» **Problem to solve**: Reproduce the following data exactly, minus any images.

» **Raw data**:

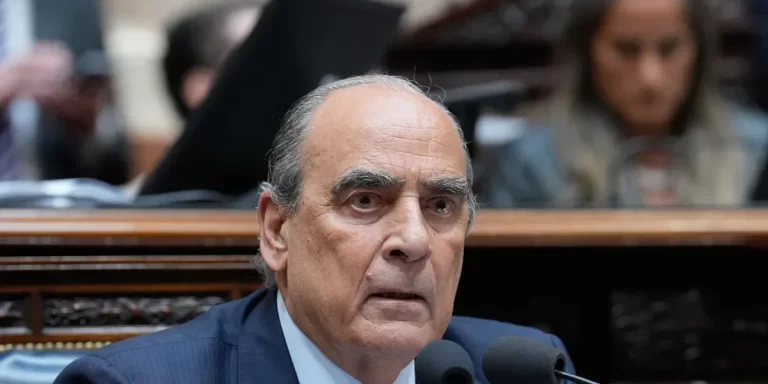 Francos defendió al Gobierno por Ficha Limpia, pero afirmó que estaban los votos para aprobar el proyecto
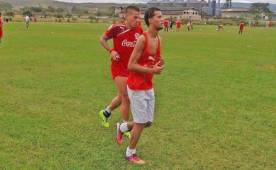Martínez Betanco celebrando un gol con el Vida de La Ceiba ante el Marathón.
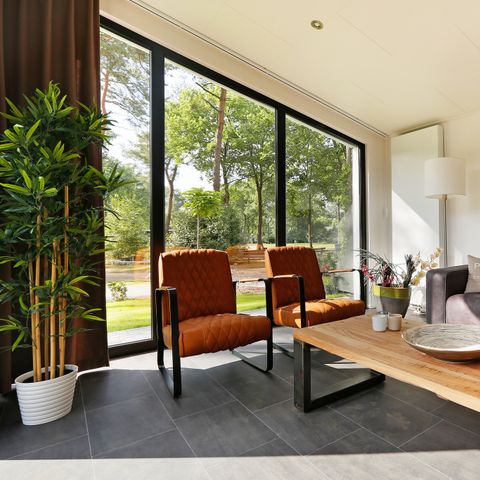 BUNGALOW 4 personnes - Lodge forestier avec sauna et bain à remous privés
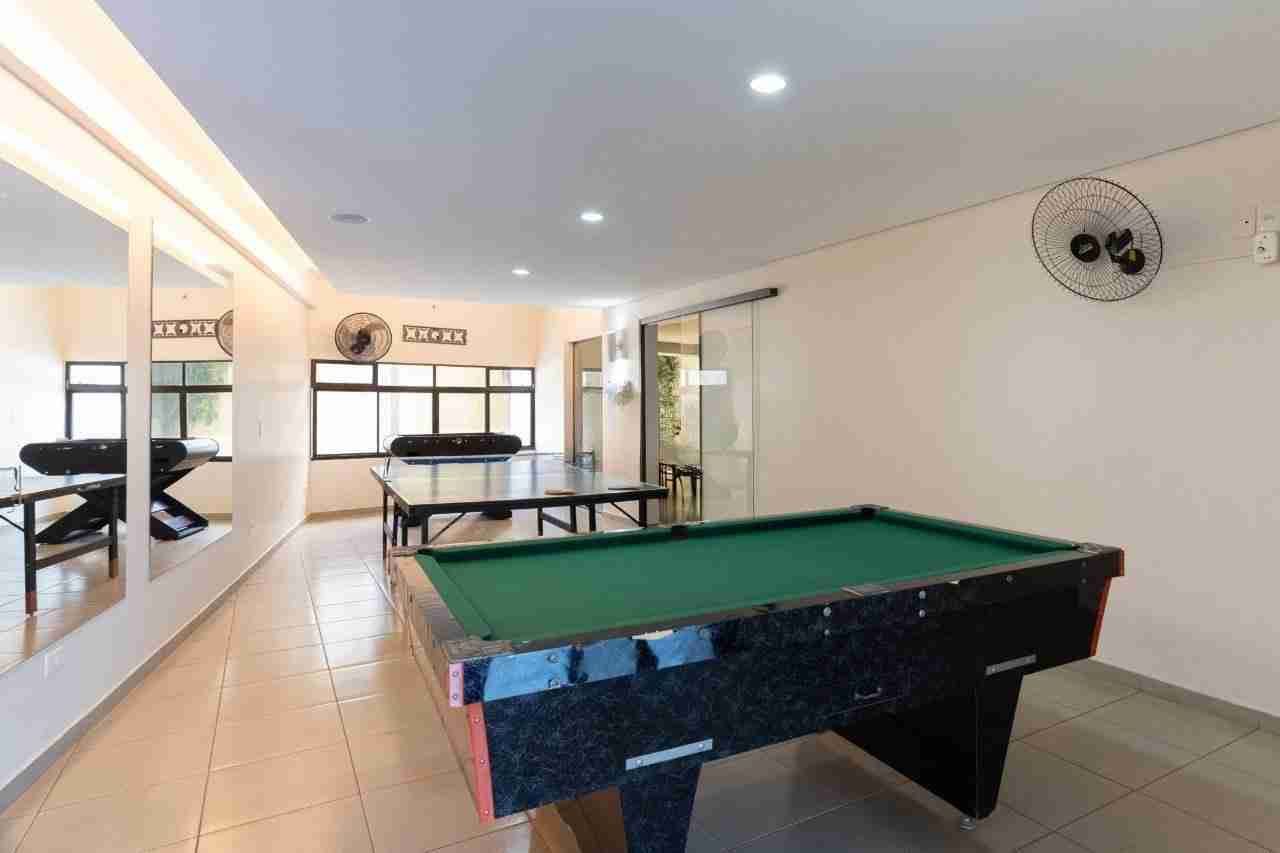 Apartamento à venda no Edifício Palais Lac Dor, 298m² úteis, 4 quartos sendo 2 suítes, 4 vagas, próx  ao lago Igapó - Jardim Londrilar- Londrina,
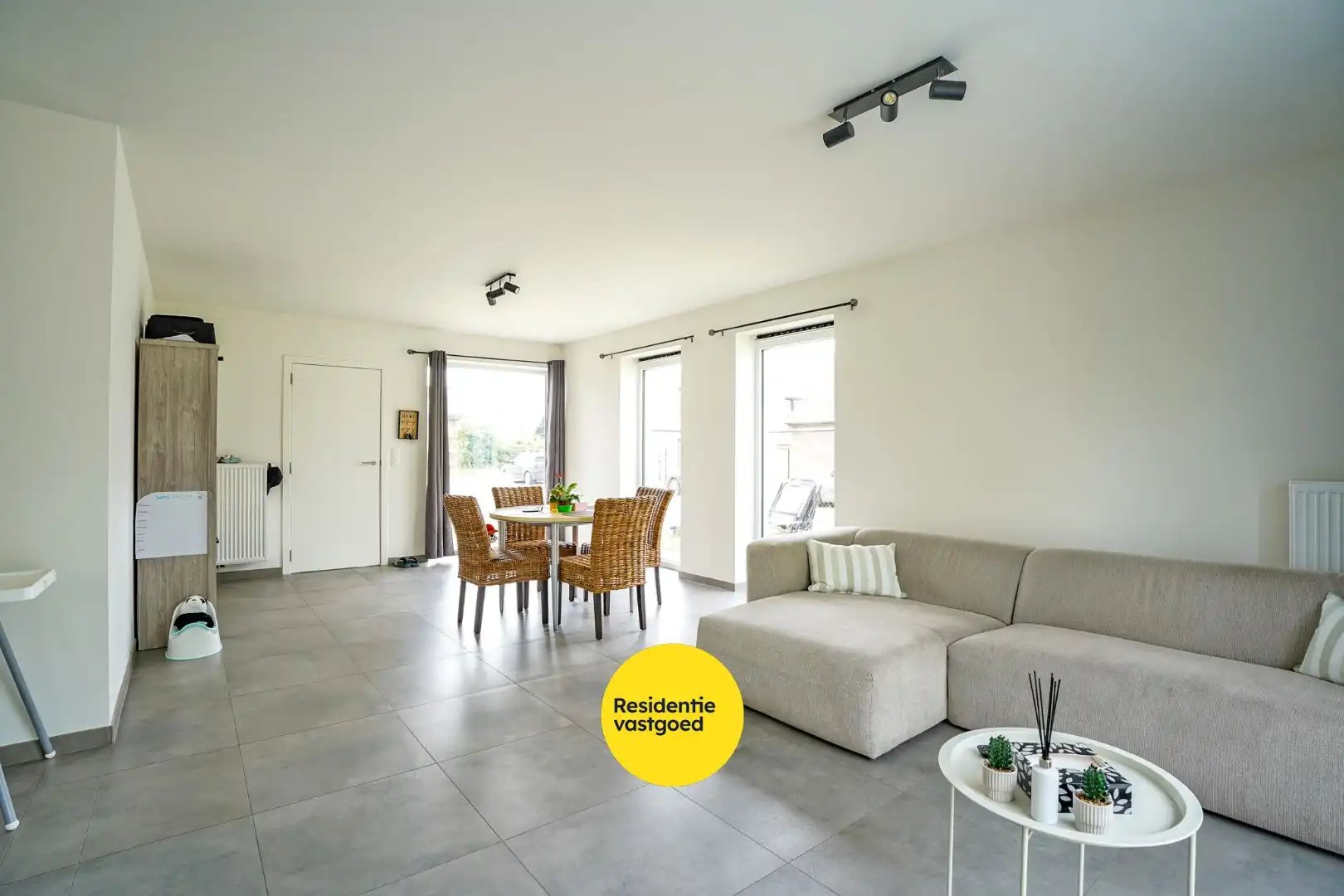 Ruime energiezuinige recente halfopen bebouwing  (2024) met inpandige garage op 258m² gelegen te Houthulst. foto 4
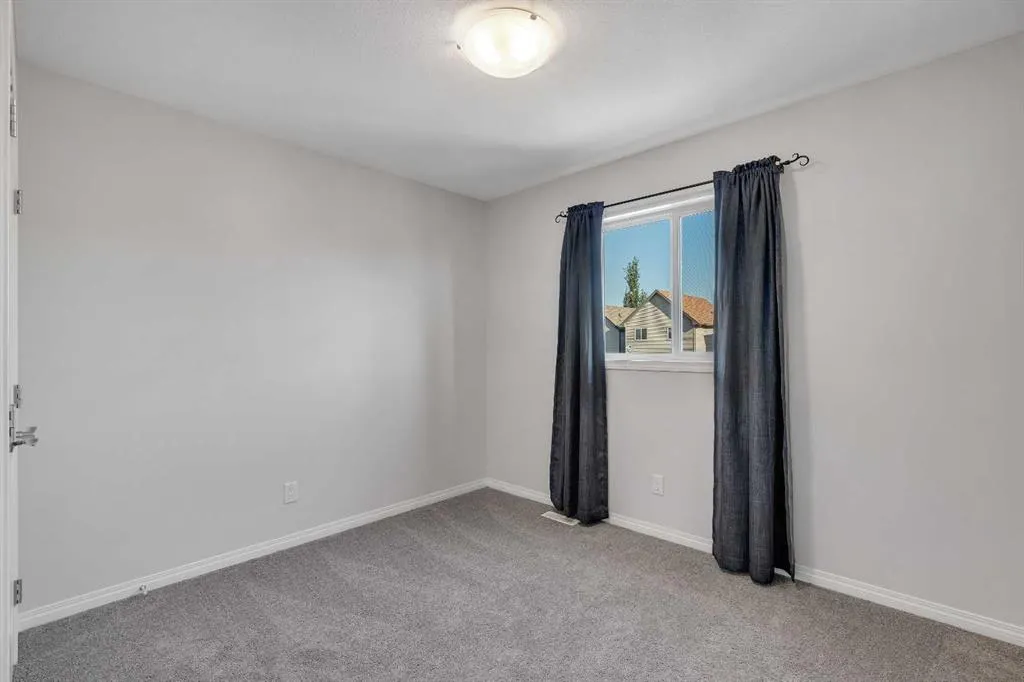83 Copperpond Square SE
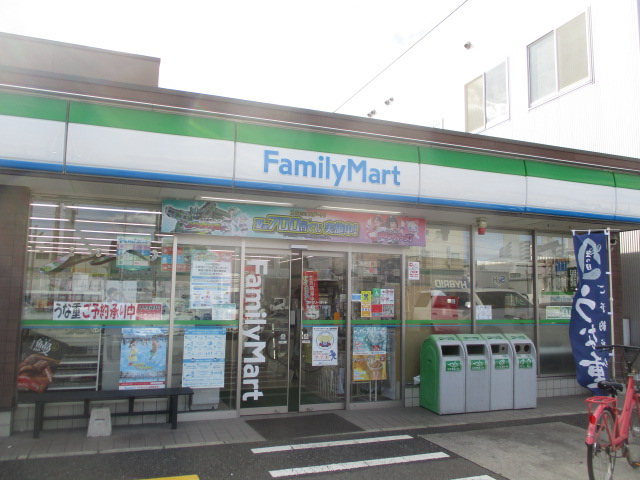 コンビニ　ファミリーマート 南津守五丁目店（コンビニ）まで329m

» **Task output**:
 Francos defendió al Gobierno por Ficha Limpia, pero afirmó que estaban los votos para aprobar el proyecto
Martínez Betanco celebrando un gol con el Vida de La Ceiba ante el Marathón.
 BUNGALOW 4 personnes - Lodge forestier avec sauna et bain à remous privés
 Apartamento à venda no Edifício Palais Lac Dor, 298m² úteis, 4 quartos sendo 2 suítes, 4 vagas, próx  ao lago Igapó - Jardim Londrilar- Londrina,
 Ruime energiezuinige recente halfopen bebouwing  (2024) met inpandige garage op 258m² gelegen te Houthulst. foto 4
83 Copperpond Square SE
 コンビニ　ファミリーマート 南津守五丁目店（コンビニ）まで329m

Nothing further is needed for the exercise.